=== Section Start ===

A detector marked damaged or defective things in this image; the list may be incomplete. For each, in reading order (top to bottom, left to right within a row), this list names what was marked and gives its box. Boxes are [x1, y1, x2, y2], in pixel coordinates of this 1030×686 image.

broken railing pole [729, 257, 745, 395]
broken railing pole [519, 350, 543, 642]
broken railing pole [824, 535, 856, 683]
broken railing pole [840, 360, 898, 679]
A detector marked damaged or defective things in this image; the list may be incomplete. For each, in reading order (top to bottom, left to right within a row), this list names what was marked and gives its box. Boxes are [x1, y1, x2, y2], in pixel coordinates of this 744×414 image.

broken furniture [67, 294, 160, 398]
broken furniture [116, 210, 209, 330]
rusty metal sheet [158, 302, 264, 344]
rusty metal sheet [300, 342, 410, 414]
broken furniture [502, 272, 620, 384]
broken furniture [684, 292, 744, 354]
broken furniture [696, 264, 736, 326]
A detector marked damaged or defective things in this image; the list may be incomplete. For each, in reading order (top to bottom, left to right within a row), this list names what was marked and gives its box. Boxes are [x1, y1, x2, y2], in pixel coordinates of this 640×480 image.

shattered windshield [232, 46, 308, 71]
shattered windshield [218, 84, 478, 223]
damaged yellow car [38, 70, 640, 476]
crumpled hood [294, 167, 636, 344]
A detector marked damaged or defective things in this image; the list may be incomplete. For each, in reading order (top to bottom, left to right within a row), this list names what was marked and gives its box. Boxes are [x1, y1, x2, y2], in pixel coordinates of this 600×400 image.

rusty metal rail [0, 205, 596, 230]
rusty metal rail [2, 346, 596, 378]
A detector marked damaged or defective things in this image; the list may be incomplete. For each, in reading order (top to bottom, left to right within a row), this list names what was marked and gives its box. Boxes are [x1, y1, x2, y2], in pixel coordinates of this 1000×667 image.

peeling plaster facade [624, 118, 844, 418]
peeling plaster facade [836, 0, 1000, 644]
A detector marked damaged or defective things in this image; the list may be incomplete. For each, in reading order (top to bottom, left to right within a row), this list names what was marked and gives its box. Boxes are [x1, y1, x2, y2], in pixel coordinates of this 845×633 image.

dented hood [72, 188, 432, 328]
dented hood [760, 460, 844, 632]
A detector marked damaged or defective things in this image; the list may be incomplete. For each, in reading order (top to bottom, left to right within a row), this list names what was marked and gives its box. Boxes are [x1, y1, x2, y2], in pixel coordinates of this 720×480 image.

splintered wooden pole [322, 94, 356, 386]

=== Section End ===

INSTRUCTIONS TO FOLLOW. Copy exactly. The range runs from the line containing "this 720×480 image." through the last line of the data.

RESPONSE TO THE TASK.
A detector marked damaged or defective things in this image; the list may be incomplete. For each, in reading order (top to bottom, left to right within a row), this list names what was marked and gives its box. Boxes are [x1, y1, x2, y2], in pixel coordinates of this 720×480 image.

splintered wooden pole [322, 94, 356, 386]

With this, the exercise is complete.